Today Josh and the boys are going to hike the longest gorge in Europe — Samaria Gorge, but not all 18k of it. Typically people will catch a very early bus in the morning (6 or 7am), arrive at the top of the gorge by 9 am and spend about 6 hours hiking down it. Then, because there is no car access, everyone waits at the bottom, on the coast, for the ferry to shuttle people back to civilization at the end of the day.

We are doing the hike the “lazy way,” starting at the bottom. (That’s actually how it’s referred to on Trip Advisor.) Wake up at 8am, catch the 9am ferry, walk up the gorge as far as they want and then hike down and take the ferry home. Meanwhile, Meels and I are doing it the truly lazy way as we camp out on the beach for the day under an umbrella, drinking fresh juice and reading a book. It’s my gift to all of us because as much as I’d like to hike and see the gorge and Camille is a surprisingly nimble hiker, she is unpredictable in her stamina.This way the boys can go as fast as they want and cover more ground and the only tears will be about whether she can have another fresh squeezed orange juice with her lunch.

It’s lovely sitting on the top deck of the ferry — only the slightest breeze in my hair, listening to the rumble of the engine below. It’s ironic since an hour ago my stomach was in knots and I was planning potential escape routes in case the boat started to sink. That wasn’t an actual fear, but figuring out all the “what ifs” keeps my brain busy and distracts it from focusing on the idea that I’m trapped on public transportation with no way out. Just residual issues that I will have to work at for life. I think it must be a bit like being an alcoholic — totally better and functioning fine, but the potential to crack is always there. Of course as soon as we backed away from the dock I was fine because it changed from “can I do this?” to “I’m actually doing this and it’s no big deal.” My brain is a devilish thing, always looking for a way out until the last second when it resigns itself to the fact that I’m not going to fall for its tricks this time. I’m glad I didn’t let it win.

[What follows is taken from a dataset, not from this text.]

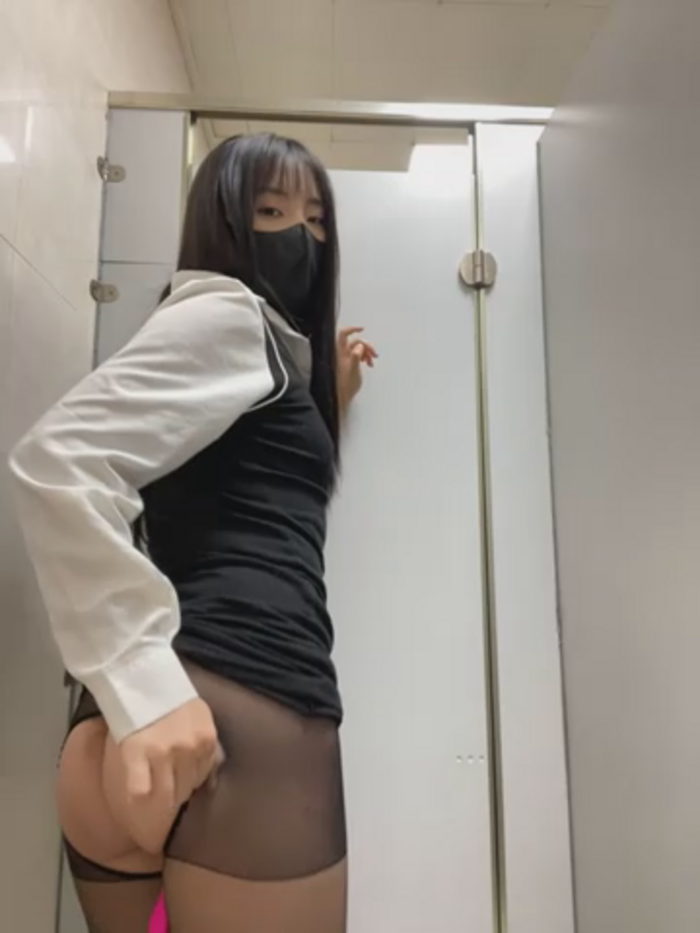 Asia-Lynn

Up and out to catch the ferry.

The “dock” at the end of the beach

good morning, sunshine!

Gorgeous cove on the Sougia coast

Here’s the ferry!

Lovely family photo — just happy to be underway. No turning back now!
It’s peaceful and beautiful

Perfect blue water
Pulling in to shore — ready to to hike

They are off!

This is the life
food and drinks make for a happy girl

We had the place to ourselves from 10 am until after 2 or 3pm when the hikers all made their way to the beach. 

beautiful black pebbly sand
We had our pick of chairs
I had a book, a notebook and pen, and my girl. A perfect day at the beach. 

Walking the coast. I’m happy I didn’t miss this day by playing it safe and staying at home.
They made it back from the gorge and cooled off in the water. The restaurant had kayaks that we were able to borrow. 

I would do this every day if I could. 

I think the hike wore them out

Time to head home. I can definitely recommend the gorge hike “the lazy way.” 

A walk back to our hotel and then down the road for dinner. The town of Sougia is 1 main road and a waterfront. 

Another excellent dinner to end our adventure. Tomorrow we head back to civilization and prepare to fly home.